Some US companies still operate in Russia

Luckily for me, Coca-Cola, in accordance with US sanctions on Russia, finally decided to stop doing business in Putin’s homeland. You see, I had decided one of the tiny little things I could do to help Ukraine was stop buying Coca-Cola’s products. For me that would have meant giving up the one drink I always have on hand. But Coke finally saw the light and my stash of Powerade Zero was saved. Oh, and a big thanks to LG for finally suspending shipments to Russia. Now I won’t feel guilty about enjoying my big screen. Meanwhile I’ll continue to survive without Papa John’s or Subway, among others.

I applaud the US companies — more than 400 of them — that have completely withdrawn from Russia. Their actions will add significantly to the economic pressure being brought to bear on that country. Not that Putin cares. But if he finds that his country, the country he is trying to expand, is actually disintegrating around him, perhaps he’ll withdraw his troops from Ukraine.

The Yale School of Management compiled a list of those US companies withdrawing from Russia and those refusing to do so.

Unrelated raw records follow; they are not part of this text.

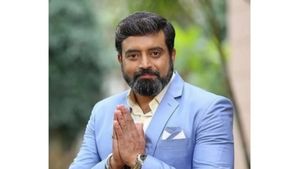 Actor Aniruddha: ಹದಗೆಟ್ಟ ಮುಖ್ಯರಸ್ತೆ ಮೇಲೆ ನಿಂತ ನಟ ಅನಿರುದ್ಧ, ವಿಡಿಯೋದಲ್ಲಿ ಹೇಳಿದ್ದೇನು?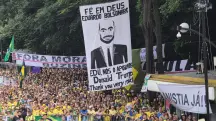 Cartaz homenageia Eduardo Bolsonaro durante manifestação em São Paulo | Foto: Tauany Cattan/Revista Oeste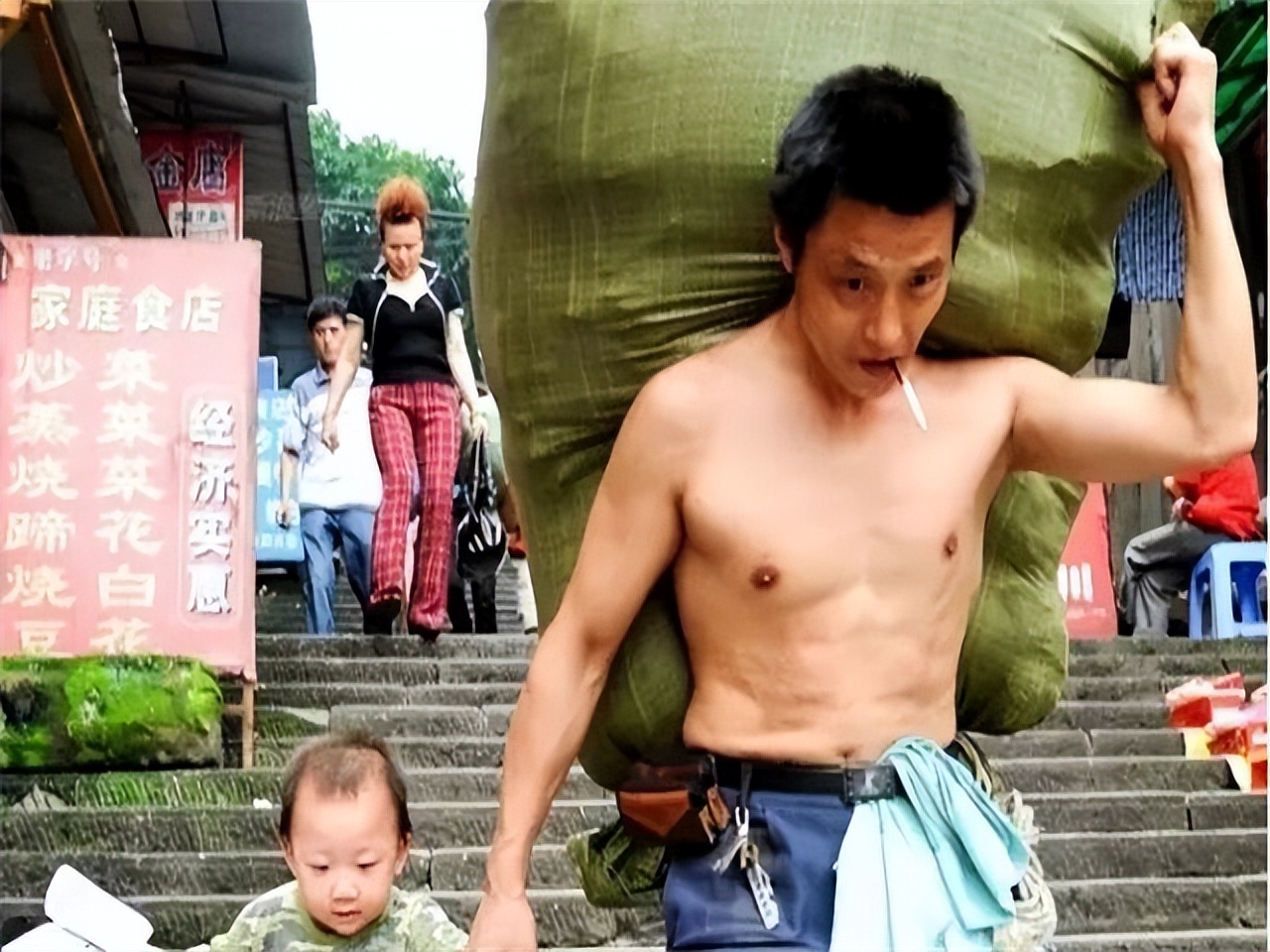 重庆网红棒棒哥冉光辉的故事,山城棒棒军冉光辉用肩膀扛出一个家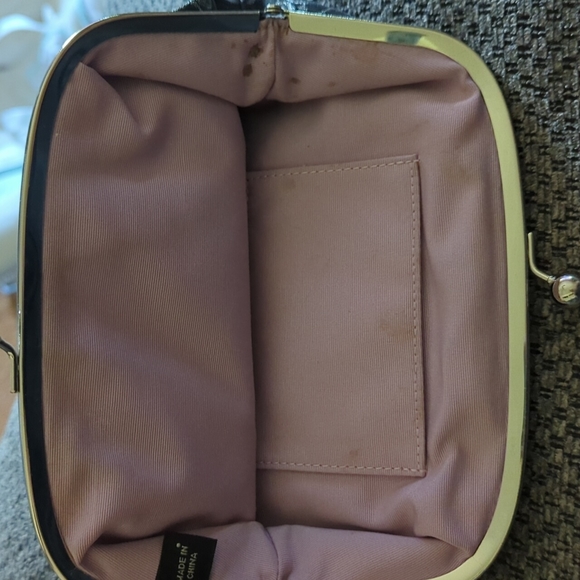 Coach coin purse - Picture 3 of 3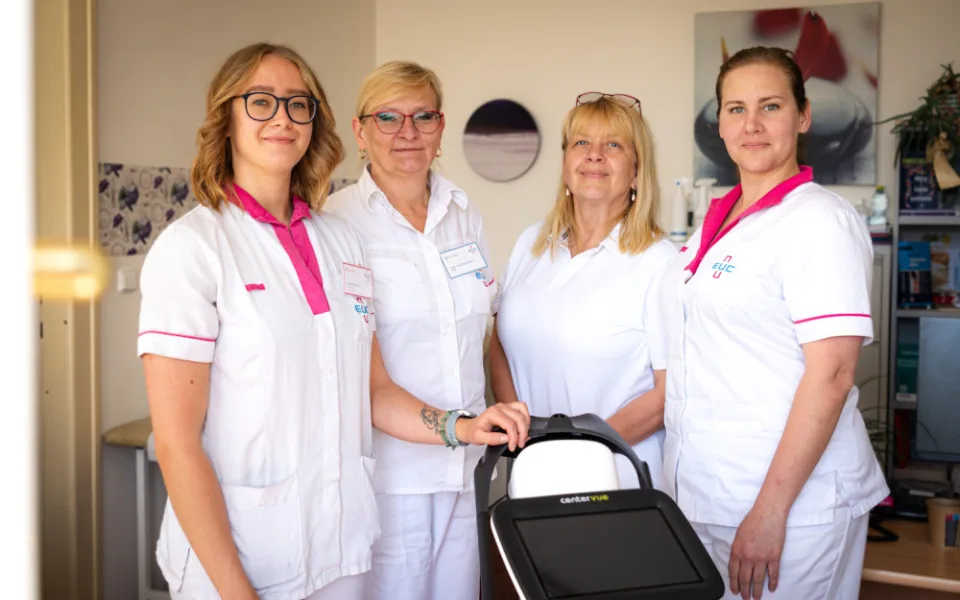 Zleva: Jana Sponnerová, DiS., MUDr. Libuše Hrdličková, MUDr. Jindřiška Šroubková, Bc. Jindra Zieglerová – personál diabetologické ambulance EUC Kliniky Plzeň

The reasons/excuses for not withdrawing were complex and calculated, and the original Withdraw/Remain list soon expanded to five categories instead of two. It now includes Withdrawal, Suspension, Scaling Back, Buying Time, and Digging In. Included with each company name is a brief description of the action taken, where applicable.

Fortune Magazine examined the list and categories, analyzed some of the reasons given for not withdrawing completely, and bathed them in well-deserved opprobrium. There were, for example, concerns about abandoning loyal Russian workers or not supplying necessities such as medicines and baby food.

How very humanitarian. And what a bunch of corporate BS. Withdrawing necessities and pressuring the Russian people is precisely what the sanctions are intended to do. Admittedly limited action is better than no action at all, but Putin won’t be influenced by the sanctions until they affect him directly. And that won’t happen until his citizens grow desperate enough and angry enough to rise against him and remove him from power — one way or another.

Banner image: Russian President Vladimir Putin (Photo: Reuters)

9 thoughts on “Some US companies still operate in Russia

    1. Yep, some have big Russian corporate partners. I assume they can’t do much without dissolving the partnership or corporation. On the other hand, you have to wonder what they could do if they really tried …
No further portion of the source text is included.